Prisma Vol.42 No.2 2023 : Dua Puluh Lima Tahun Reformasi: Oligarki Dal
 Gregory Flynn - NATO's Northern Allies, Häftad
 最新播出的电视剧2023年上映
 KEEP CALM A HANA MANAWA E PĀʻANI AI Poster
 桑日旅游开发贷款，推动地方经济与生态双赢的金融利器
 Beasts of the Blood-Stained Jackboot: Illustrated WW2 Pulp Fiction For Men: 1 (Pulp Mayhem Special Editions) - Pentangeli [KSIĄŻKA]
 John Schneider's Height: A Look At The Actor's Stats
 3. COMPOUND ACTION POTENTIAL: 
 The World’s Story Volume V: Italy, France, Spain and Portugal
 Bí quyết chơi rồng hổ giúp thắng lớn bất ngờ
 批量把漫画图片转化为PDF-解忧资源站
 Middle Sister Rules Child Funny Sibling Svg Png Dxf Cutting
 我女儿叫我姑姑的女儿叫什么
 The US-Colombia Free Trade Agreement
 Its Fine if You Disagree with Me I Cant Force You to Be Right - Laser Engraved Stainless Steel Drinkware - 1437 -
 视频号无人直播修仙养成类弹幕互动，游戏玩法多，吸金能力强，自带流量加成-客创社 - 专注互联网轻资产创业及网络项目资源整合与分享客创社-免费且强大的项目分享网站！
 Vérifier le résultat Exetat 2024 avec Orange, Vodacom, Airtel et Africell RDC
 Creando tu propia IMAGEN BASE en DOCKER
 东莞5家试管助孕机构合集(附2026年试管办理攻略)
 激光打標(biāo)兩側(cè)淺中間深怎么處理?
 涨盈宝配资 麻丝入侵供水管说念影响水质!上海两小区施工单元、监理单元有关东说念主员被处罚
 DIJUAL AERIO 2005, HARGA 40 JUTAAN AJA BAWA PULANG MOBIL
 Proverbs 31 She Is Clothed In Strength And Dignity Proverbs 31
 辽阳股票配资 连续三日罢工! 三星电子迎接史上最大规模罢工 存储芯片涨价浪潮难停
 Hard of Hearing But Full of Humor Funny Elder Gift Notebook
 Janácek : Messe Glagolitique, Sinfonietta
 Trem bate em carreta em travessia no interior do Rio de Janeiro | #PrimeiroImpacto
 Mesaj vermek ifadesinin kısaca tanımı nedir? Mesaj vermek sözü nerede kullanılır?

Exercise: Your task is to show every line of the listing above containing "Funny".

Answer for this exercise:
 Middle Sister Rules Child Funny Sibling Svg Png Dxf Cutting
 Hard of Hearing But Full of Humor Funny Elder Gift Notebook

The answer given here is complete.